- _YOUR GOAL_
Repeat the full listing exactly.

- _DATA PROVIDED_

>>>>

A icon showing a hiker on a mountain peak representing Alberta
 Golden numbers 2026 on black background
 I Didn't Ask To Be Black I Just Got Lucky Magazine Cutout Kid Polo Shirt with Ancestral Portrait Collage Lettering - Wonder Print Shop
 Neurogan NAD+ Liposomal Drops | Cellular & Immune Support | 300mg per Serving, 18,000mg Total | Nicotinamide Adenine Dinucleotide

<<<<

- _ANSWER AREA_
A icon showing a hiker on a mountain peak representing Alberta
 Golden numbers 2026 on black background
 I Didn't Ask To Be Black I Just Got Lucky Magazine Cutout Kid Polo Shirt with Ancestral Portrait Collage Lettering - Wonder Print Shop
 Neurogan NAD+ Liposomal Drops | Cellular & Immune Support | 300mg per Serving, 18,000mg Total | Nicotinamide Adenine Dinucleotide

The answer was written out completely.